Friday, March 22, 2013

Breaking: FAA: Ogden-Hinckley Airport Tower Will Close

Distraught Ogden-Hinkley Airport manager:  “We have no clue what’s going to happen next”

In a still-developing story, The Standard-Examiner breaks the worst possible news for Ogden-Hinkley Airport boosters, as it announces the highly-disappointing information that despite the desperate efforts of Ogden Airport officials and GOP Congressman-for-Life Rob Bishop to gain a reprieve, federal funding for the airport's main control tower is about to get the budget sequestration ax.

Ogden-Hinkley Control Tower
According to this afternoon's Mitch Shaw story, "[t]he FAA notified Airport Manager Royal Eccles through an email that the Ogden-Hinckley tower is one of 173 across the country that will close as part of an FAA effort to reduce expenditures by more than $600 million for the remainder of the 2013 fiscal year":
“I assumed they would just close all of them. So I was prepared for the worst, but it’s still tough to take. We don’t really know what’s going to happen now,” said the thoroughly distraught Airport Manager Royal Eccles.

"The airport will remain open, but pilots will be responsible for their own safety by talking to each other, instead of the tower. The federal funding paid for contracted air traffic controllers," according to this morning's S-E story.

This of course appears "on its face" to be a severe blow to Ogden-Hinkley commercial operations, insmuch as "[a]irlines (like Allegiant Air) have yet to say whether they will continue offering service to airports that lose tower staff."

So, will commercial carriers like Allegiant continue operations at Ogden-Hinkley in the absence of a functioning air traffic control operation, we ask? Weirdly enough, some regional carriers don't seem to have necessarily ruled out that contingency at all, if we're to believe at least one Oregon-based news source, speaking of similar control tower closures in the Pacific Northwest:
According to an airport industry association, control towers at 14 small to medium sized airports around the Northwest will close on April 1 in response to automatic federal budget cuts: Four in Idaho and five each in Oregon and Washington. But regional airlines intend to keep flying to those cities they now serve.
Read that astonishing full story below.  Seeing is believing, right?
Wing and a Prayer Arrival
So what about it, O Gentle Ones?  Will our newly-arrived Alliant Air pilots be henceforth flying in and out of Ogden "by the seat of their pants," under the trusty protection of an old-style "wing and a prayer?" Or do Ogden City Lumpencitizens need to brace themselves, and hold tightly onto their wallets, for what may well turn out to be a quite hefty Ogden City Council emergency air traffic control funding request coming up VERY soon?  Would it be hopelessly tacky inelegant sophomoric to summarize by saying that despite disappointing recent developments, the future of Ogden-Hinkley Airport is still "up in the air"? Would it be overkill to predict that Ogden-Hinkley's insurance costs may very well "soar sky high" in the event that Alliance does elect to continue commercial operations under these risk-heightened circumstances?
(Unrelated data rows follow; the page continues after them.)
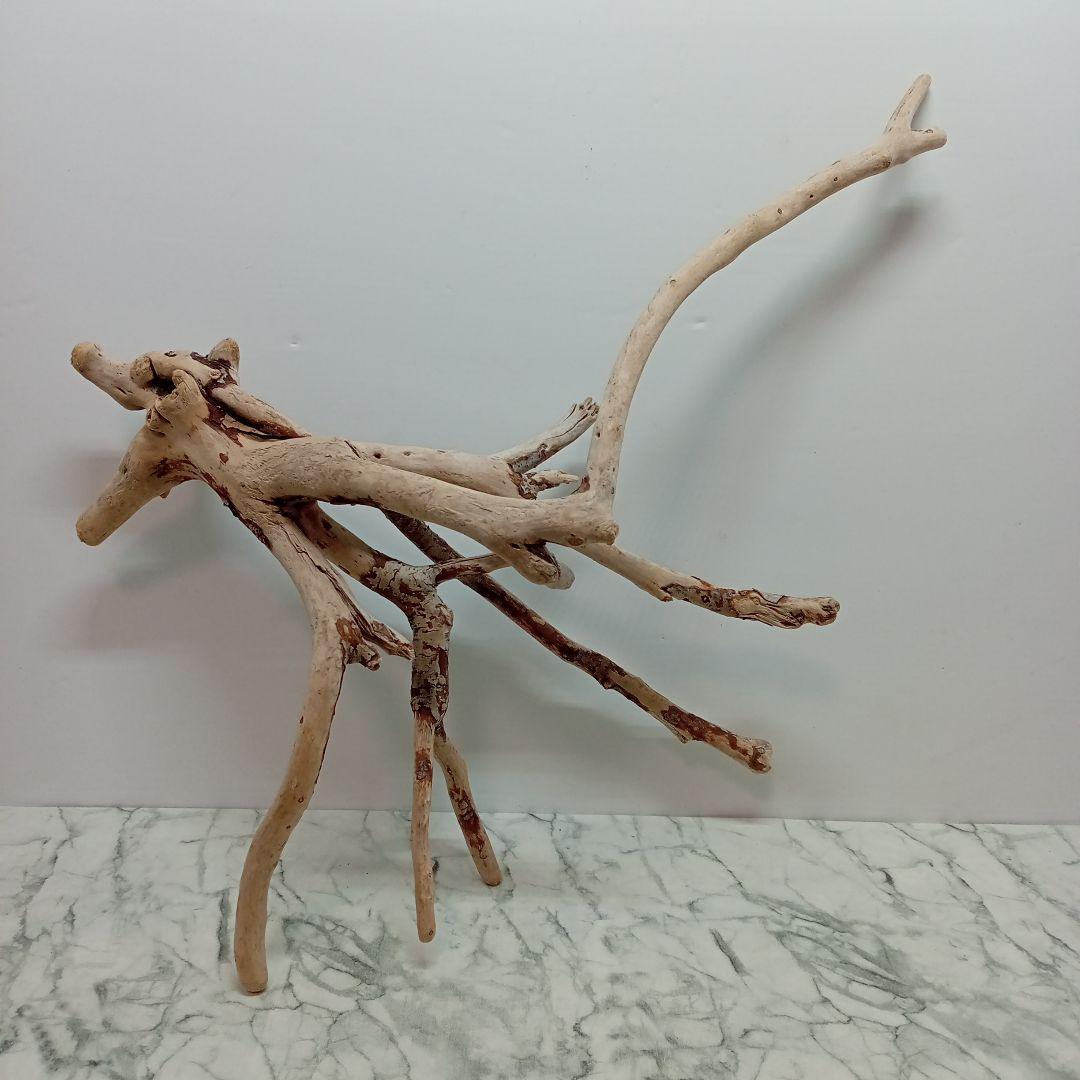 ！専用！アク抜き済み流木【645】セール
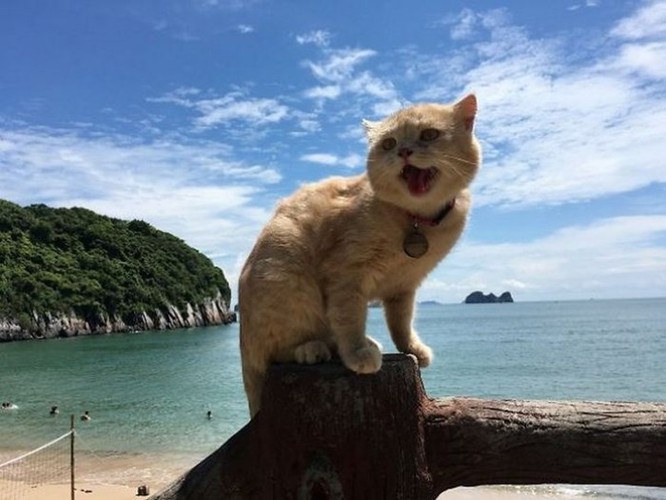 Chú mèo tên Chó ở Hải Phòng gây sốt trên Internet vì 'thần thái' quá dễ thương - Ảnh 2
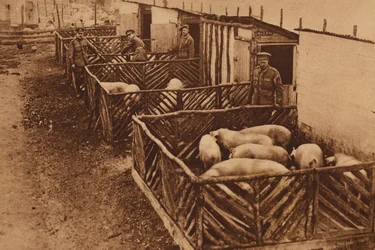 British army piggery during World War I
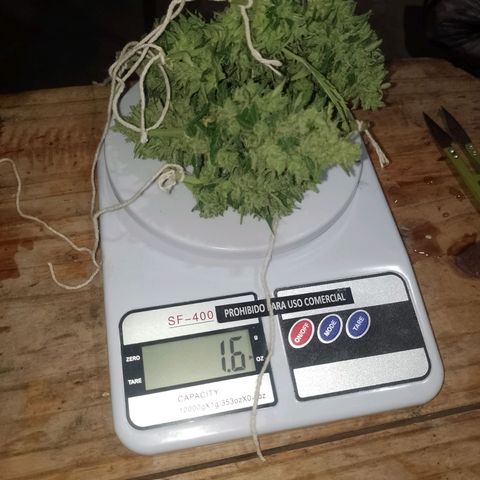Auto Gorilla Blue growlog timeline photo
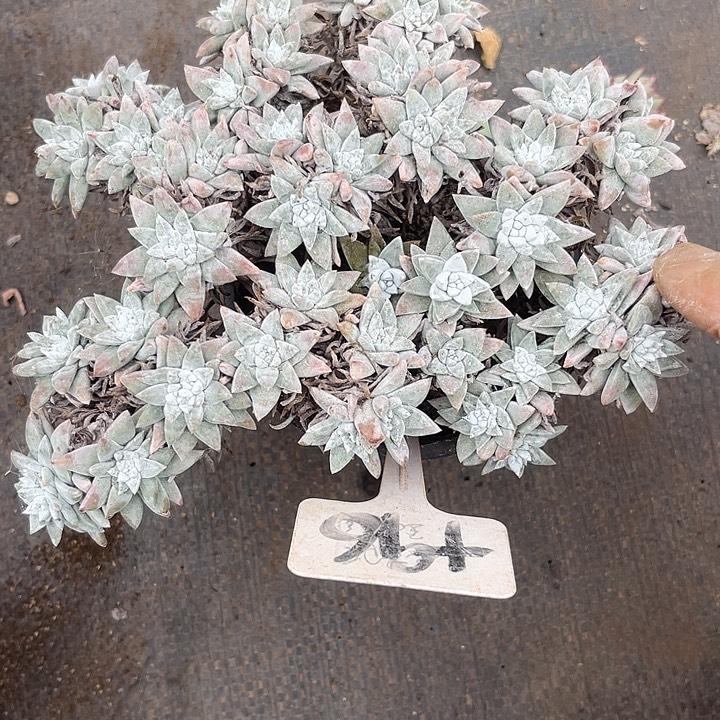 两单包邮，一物一拍96白鹭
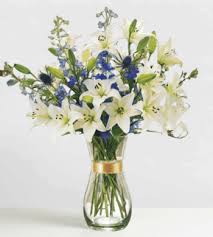 Image result for eustoma flamenco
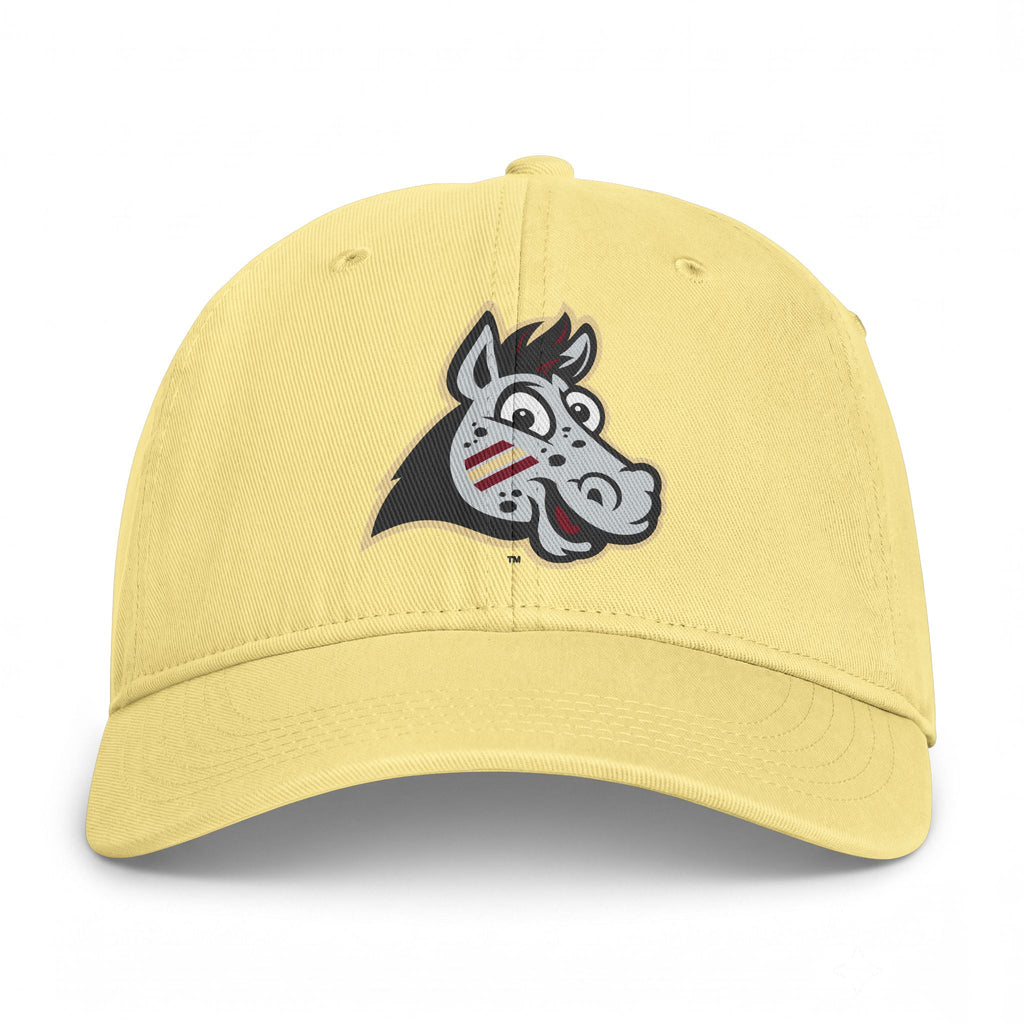 Noles ALT Logo - Dad Hat
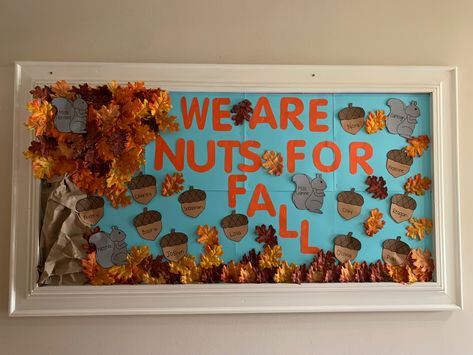 We Are Nuts About Fall Bulletin Board, We're Nuts About Fall Bulletin Board, Nuts About Fall Bulletin Board, Fall Classroom Door, October Bulletin Boards, Thanksgiving Bulletin Boards, Fall Bulletin Board, Soft Board, Fall Board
Needless to say, we'll remain poised at the keyboard awaiting any further news on this story which might meander our way.

Take it away for now however, O Gentle Ones.

1 comment:

Roger Wilco said...

Another potential impact of sequestration to commercial traffic flying in and out of Ogden-Hinkley and military traffic at Hill AFB would be the furlough of FAA controllers at Salt Lake ARTCC (Air Route Traffic Control Center) and Salt Lake TRACON (Terminal Radar Approach Control), whose airspace overlies Ogden. Furloughs could especially affect Salt Lake TRACON, a 'hard-to-staff' facility that has - for the last 20 years anyway - been reliant on employee overtime in order to meet minimum staffing on many shifts.

If traffic is light, the TRACON sector that covers Ogden and Hill AFB can be combined with another sector that feeds arrivals into Salt Lake City. If there is heavy demand and not enough personnel on hand to split the Ogden/Hill sector, delays are likely inevitable.

These furloughs are FAA wide so the pain is going to be felt throughout the country by all who fly commercially, though it's nothing compared to the pain of those employees of the 149 contract towers across the nation that, like Ogden, are now facing unemployment.